Hollywood heavyweight Judd Apatow recently tackled the many travails of middle-aged married couples in his latest comedy "This is 40," a stand-alone sequel to his 2007 hit "Knocked Up."
The film follows the lives of Pete (Paul Rudd) and Debbie (Apatow's real-life wife Leslie Mann) as they each turn 40, just as their jobs and daughters are adding stress to their relationship.
If Apatow ever wanted to tackle the NFL and middle age, he would have to rewind about a decade because 30 has become the dirty word in a league built on athleticism but ruled by a salary cap.
For pedestrian players, hitting the age of 30 was always a problem and will continue to be one moving forward because there is almost always a younger, cheaper option waiting in the wings, one whom can run a faster 40-yard dash and bench-press 225 pounds a few more times.
For stars, however, 30 was just a number as long as the production was still flowing.
These days, things have changed.
Every NFL team has now kicked off its rookie mini-camp and filled its roster to the bloated 90-man offseason limit yet aging stalwarts like Charles Woodson, Dwight Freeney and John Abraham are still looking for work.
The 36-year-old Woodson spoke about his predicament on NFL Network's "Total Access" on Thursday.
"If it were left up to me, I will be in the NFL again this coming season," Woodson said. "Right now, it is kind of slow out there, the options have dried up, but I am still waiting for an opportunity to play for a team, help a team win. So I plan on playing in the future."
Woodson's frustration was palpable. While it's true he has seen his better days, even the most obtuse NFL observer knows Woodson was still contributing more at the end of 2012 than a lot of safeties around the league and more than enough to guarantee another season if production was the only bar.
"It is kind of the process, but at the same time it is frustrating," Woodson remarked. "You have guys that can flat-out play football. You look at Dwight Freeney and what he is able to do. They had a system last year that is different than he is used to playing, but he can play football. John Abraham, he led his team in sacks and you say, 'We don't have a spot for you on our roster?' I can't understand that. Myself, I am just a ballplayer. I need to be on a team."

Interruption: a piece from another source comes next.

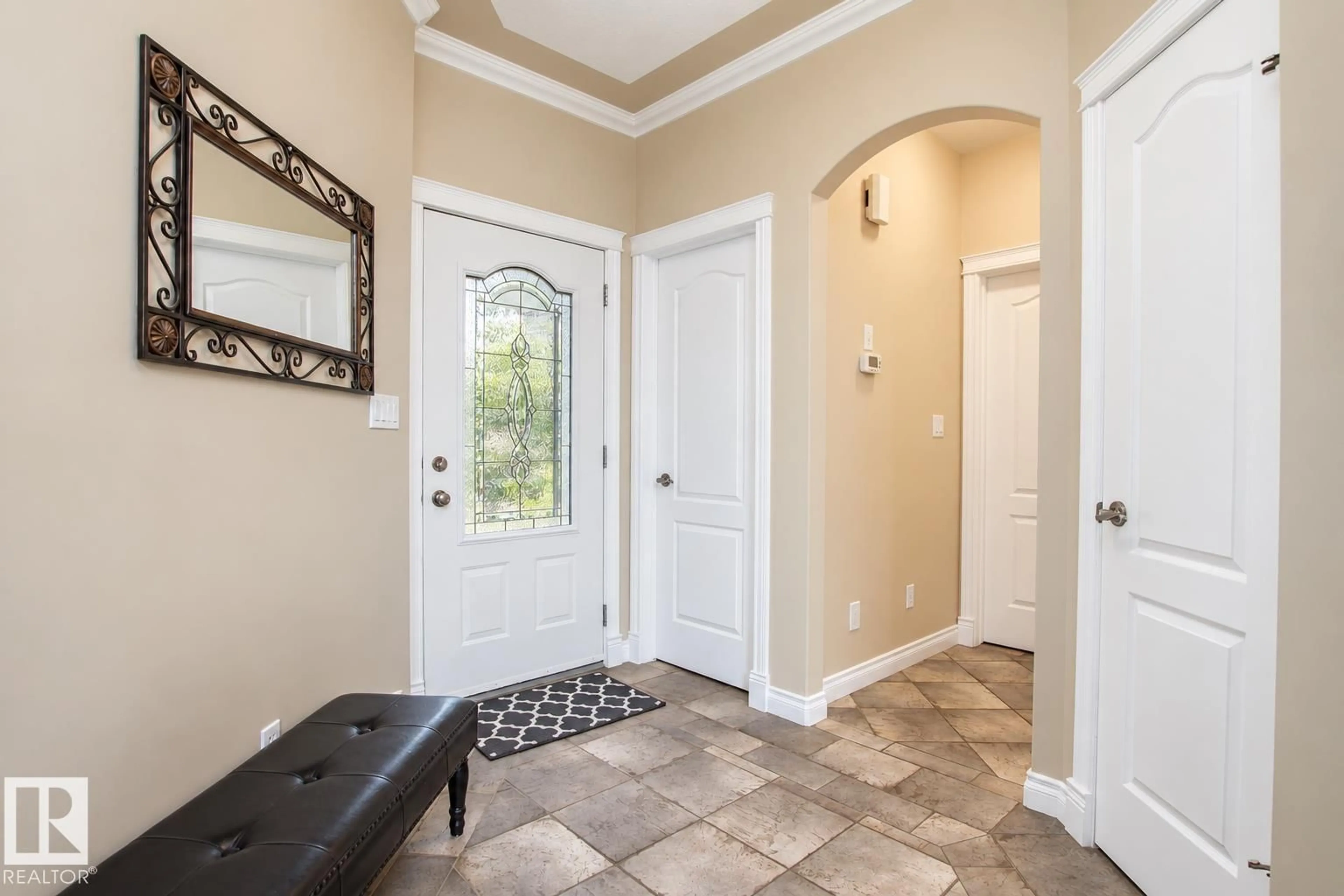 Indoor entryway for 669 HIGHLAND DR, Sherwood Park Alberta T8A6L7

Aging stars are used to getting paid, however, and Woodson commands more than most want to invest in a plus-30 player.
After the Green Bay Packers released the future Hall of Famer on Feb. 15, Woodson hoped his future included a contender and he honed in on the team that jettisoned the Pack from the postseason, the San Francisco 49ers.

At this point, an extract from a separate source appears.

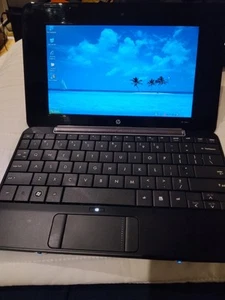 HP Mini 110-1116nr. Se trata de una netbook, parte de la serie HP Mini 1000. - Imagen 1 de 7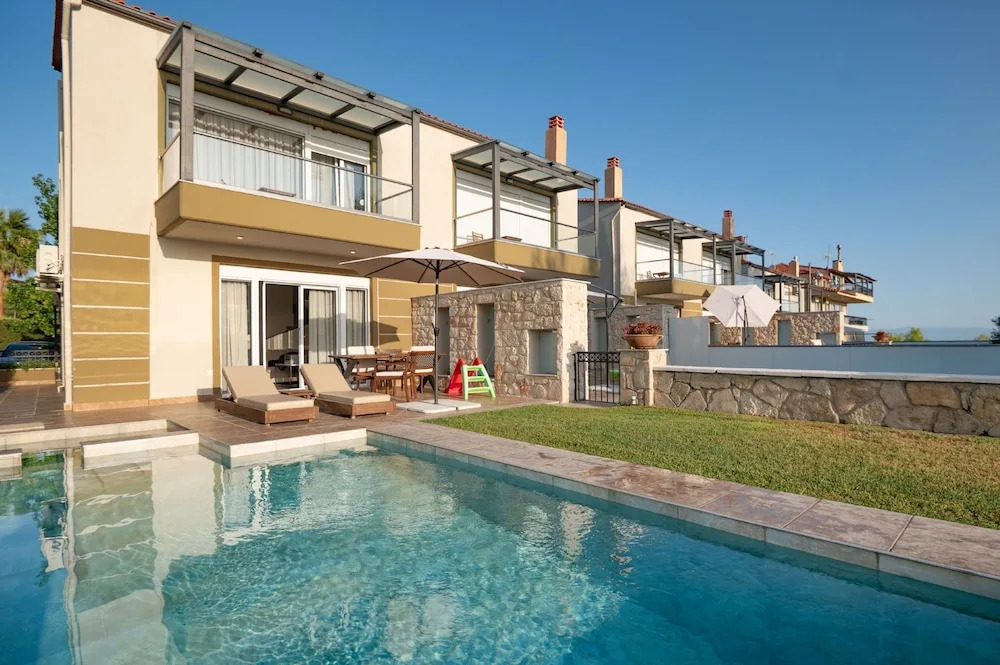 Sunny Villa Tessera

"When this process first started out, that was my thing, I needed to go to a contender," Woodson said.
Understand the Packers made a very difficult decision when they released the former NFL Defensive Player of the Year after a productive seven-year run in Titletown Woodson was coming off an injury-plagued season, was due a $6.5 million salary which would have counted $10 million against the cap had Green Bay exercised an option bonus for 2013.
Since his brilliant 2009 season when he was regarded as a lockdown defender on the outside, Woodson has slowly regressed, first being relegated to the slot and then moved back to safety by Green Bay defensive coordinator Dom Capers.

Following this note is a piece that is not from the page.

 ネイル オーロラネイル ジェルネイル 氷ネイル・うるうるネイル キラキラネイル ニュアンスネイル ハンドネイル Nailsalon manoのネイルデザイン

To his credit, the heady Woodson was still able to be a playmaker at times over the past three seasons despite losing a step or two, and still has some gas left in the tank as a nickel corner over the slot or a safety near the line of scrimmage.
The Niners, meanwhile, were one play away from winning Super Bowl XLVII back in February and, at least on paper, Woodson to the Bay Area looked like a perfect match. The 49ers are still close enough to the Lombardi Trophy to slide their chips to the middle of the table come September, and lost veteran Pro Bowl safety Dashon Goldson in free agency to the Tampa Bay Buccaneers.
Instead of inking the former Heisman Trophy winner, however, San Francisco signed Craig Dahl, a 27-year-old pedestrian player, and traded up in the NFL Draft to snare LSU safety Eric Reid, two younger and cheaper alternatives.
It's hard to argue against Reid for the future, but it's even harder to imagine Dahl or Reid giving the 49ers what Woodson could in 2013. And in San Francisco the future is now.
"I don't really know, but I would assume, two days after I (visited San Francisco) they signed a safety, then they picked up a young safety in the draft," Woodson said, referring to Dahl and Reid. "That's two more safeties added to their roster, so I don't really see (the 49ers) being an option at this point."
So, what are the options?
"I know I am towards the end of my career," Woodson said. "At this point, I want to play football. So if it is a rebuilding stage, at this point if that is the circumstances I have to play under, then that is what I am going to do."
Translation -- it's a buyer's market and a seven-time All-Pro has been marked down in the clearance aisle.
Apatow might call it "Life after 30."